__AIM OF THE TASK__. Please reproduce, exactly and with nothing else, every line from the one containing "Lv 1 Bất Khả Chiến Bại: Chapter 55" through the last line of the records below.

SUPPLIED DATA section start

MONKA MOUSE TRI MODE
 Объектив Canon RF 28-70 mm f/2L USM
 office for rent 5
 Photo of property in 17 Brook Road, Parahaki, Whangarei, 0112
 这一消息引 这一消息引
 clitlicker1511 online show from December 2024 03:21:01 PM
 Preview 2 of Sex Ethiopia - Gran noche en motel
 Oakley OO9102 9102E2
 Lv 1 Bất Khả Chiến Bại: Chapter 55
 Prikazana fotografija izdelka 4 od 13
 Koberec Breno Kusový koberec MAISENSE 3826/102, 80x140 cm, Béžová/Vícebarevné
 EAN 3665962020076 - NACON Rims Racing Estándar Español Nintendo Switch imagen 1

SUPPLIED DATA section end

__OUTPUT BELOW__.
 Lv 1 Bất Khả Chiến Bại: Chapter 55
 Prikazana fotografija izdelka 4 od 13
 Koberec Breno Kusový koberec MAISENSE 3826/102, 80x140 cm, Béžová/Vícebarevné
 EAN 3665962020076 - NACON Rims Racing Estándar Español Nintendo Switch imagen 1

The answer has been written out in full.